Stress fractures are another cause for leg pain in the athlete that should not go unrecognized. Our bones have a remarkable ability to adapt to stress. The bones bend with weight-bearing activity causing microfractures. The bone senses the location of bending or stress, and reacts by building more bone in that area. The trouble comes when an athlete increases her training intensity too rapidly. The muscles become fatigued and stop providing shock-absorption. This results in increased stress on the bone. The remodeling or building of bone cannot keep pace with the microfractures that begin to occur. If this goes on too long, a crack in the bone results. This crack causes pain with every step whether exercising or not. If the athlete continues to push through the pain, a complete fracture can occur. Treatment, depending on the severity, ranges from cross-training to casting and complete non-weightbearing.

What else can cause leg pain in the athlete? : Effort-induced DVT, popliteal artery entrapment, tennis leg, and nerve entrapment to name a few. I won’t go into detail with the rest of these, but the point I’m trying to make is that there are many causes of leg pain in the athlete and the term shin splints is an oversimplification that may lead to inappropriate treatment and prolonged inability to compete.

Tears of the meniscus in the knee are one of the most common causes of knee pain in active individuals. In fact, six out of ten people over the age of 65 years old have a meniscal tear. It is a mistake however to assume that all meniscus tears are the same.
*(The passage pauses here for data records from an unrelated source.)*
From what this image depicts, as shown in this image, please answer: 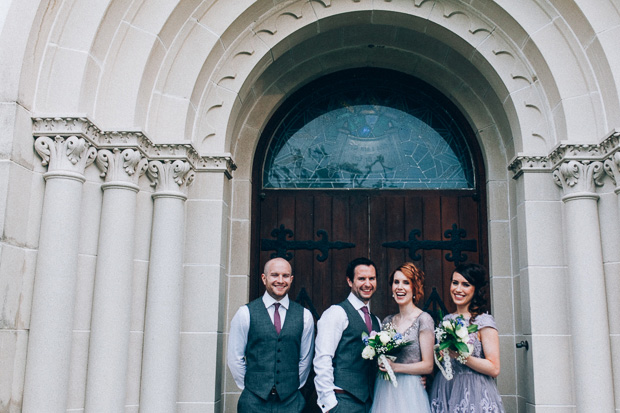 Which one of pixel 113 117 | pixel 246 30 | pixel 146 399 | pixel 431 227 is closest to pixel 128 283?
pixel 146 399

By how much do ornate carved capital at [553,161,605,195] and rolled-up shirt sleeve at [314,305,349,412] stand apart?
5.98 feet

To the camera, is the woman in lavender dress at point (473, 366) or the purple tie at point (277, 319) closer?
the woman in lavender dress at point (473, 366)

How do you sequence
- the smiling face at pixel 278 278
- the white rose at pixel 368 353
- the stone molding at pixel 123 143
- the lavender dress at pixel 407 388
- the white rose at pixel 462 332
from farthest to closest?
1. the smiling face at pixel 278 278
2. the stone molding at pixel 123 143
3. the lavender dress at pixel 407 388
4. the white rose at pixel 368 353
5. the white rose at pixel 462 332

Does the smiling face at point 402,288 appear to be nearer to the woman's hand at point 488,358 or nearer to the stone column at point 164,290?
the woman's hand at point 488,358

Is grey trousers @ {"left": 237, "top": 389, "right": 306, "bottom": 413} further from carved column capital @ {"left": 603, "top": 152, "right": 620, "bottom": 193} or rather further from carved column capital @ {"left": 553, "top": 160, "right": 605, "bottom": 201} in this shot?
carved column capital @ {"left": 603, "top": 152, "right": 620, "bottom": 193}

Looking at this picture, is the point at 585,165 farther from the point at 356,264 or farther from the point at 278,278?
the point at 278,278

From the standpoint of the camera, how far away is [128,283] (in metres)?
3.77

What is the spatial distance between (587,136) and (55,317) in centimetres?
370

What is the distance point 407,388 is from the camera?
3562 mm

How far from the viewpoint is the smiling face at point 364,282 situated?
12.2 ft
The tears that occur in older individuals are often what is called degenerative. That means they occur as the meniscus wears out. To explain why this happens I will have to explain some basic anatomy. The primary function of the meniscus is to share the load of our body weight during activity. The meniscus can be thought of as a wedge shaped gasket that allows the curved surface of the femur (thigh bone) to articulate with the relatively flat surface of the tibia (shin bone). A good analogy would be sitting in a hard, straight-backed wooden chair verses sitting in a contoured cushioned easy chair. We quickly develop sore points when sitting in a chair that does not conform to the curves of our back.

Similarly, the meniscus helps the tibia ‘conform’ to the shape of the femur preventing pressure points. In doing that, the meniscus bears one half of our body weight when standing. Over the years, one can see that supporting half the body weight will eventually lead to wear of the meniscus. That is a degenerative tear. These tears cause a constant aching pain on one side of the knee. They usually get better with anti-inflammatory medication (i.e. Aleve) and physical therapy. Sometimes they require arthroscopic surgery to remove the torn fragments. However, there is no rush to do surgery, because the surgical treatment for a degenerative tear is the same regardless of how long it has hurt.
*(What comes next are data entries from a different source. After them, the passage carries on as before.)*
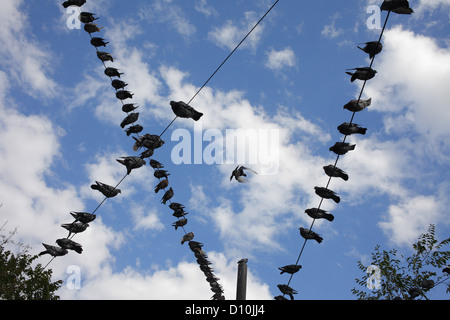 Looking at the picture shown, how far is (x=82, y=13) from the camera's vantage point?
21.2 feet

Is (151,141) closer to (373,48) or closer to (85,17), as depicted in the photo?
(85,17)

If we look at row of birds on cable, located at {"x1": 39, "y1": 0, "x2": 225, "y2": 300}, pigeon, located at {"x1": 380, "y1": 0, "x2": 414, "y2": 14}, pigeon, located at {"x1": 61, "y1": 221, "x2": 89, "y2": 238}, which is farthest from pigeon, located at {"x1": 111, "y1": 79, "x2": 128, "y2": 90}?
pigeon, located at {"x1": 380, "y1": 0, "x2": 414, "y2": 14}

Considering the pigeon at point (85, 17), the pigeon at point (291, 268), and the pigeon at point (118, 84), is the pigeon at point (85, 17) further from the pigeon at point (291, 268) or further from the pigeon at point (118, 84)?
the pigeon at point (291, 268)

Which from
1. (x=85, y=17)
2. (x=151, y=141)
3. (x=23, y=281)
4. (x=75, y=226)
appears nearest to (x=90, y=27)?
(x=85, y=17)

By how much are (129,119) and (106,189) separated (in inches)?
42.7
An acute tear of the meniscus is a very different animal. This type of tear is much less common and usually occurs in young athletes. It often results from a single twisting type injury while the knee is flexed and loaded, but the mechanism can vary greatly. This type of tear causes pain on one side of the knee, but it often is also associated with swelling and popping of the knee or even locking. The clock is ticking after this type of injury as there are certain types of tears that require surgical repair. Studies have shown that there is a higher success rate when a repair is done within two months of injury.
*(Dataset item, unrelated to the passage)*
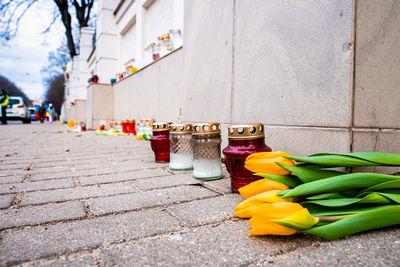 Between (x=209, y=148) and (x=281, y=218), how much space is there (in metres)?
0.95

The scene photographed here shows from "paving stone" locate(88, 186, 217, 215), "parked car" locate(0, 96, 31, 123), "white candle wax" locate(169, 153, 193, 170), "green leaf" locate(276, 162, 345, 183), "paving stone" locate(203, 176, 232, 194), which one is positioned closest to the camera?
"green leaf" locate(276, 162, 345, 183)

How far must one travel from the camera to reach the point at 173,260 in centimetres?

Another characteristic of degenerative tears is that, because the tissue is weaker, the tear sometimes grinds itself down until it doesn’t catch in the joint and cause pain. In a younger patient with a meniscal tear, each additional pull on the meniscus during activity can rip it more and convert a repairable meniscus to an irreparable one. Often, a trainer will counsel an athlete with knee pain to try rest, ice, compression and elevation followed by a progressive return to sport. This is sometimes a reasonable approach, but keep tabs on when the injury occurred and see an orthopedic surgeon if the pain persists more than a couple weeks or is associated with popping or locking.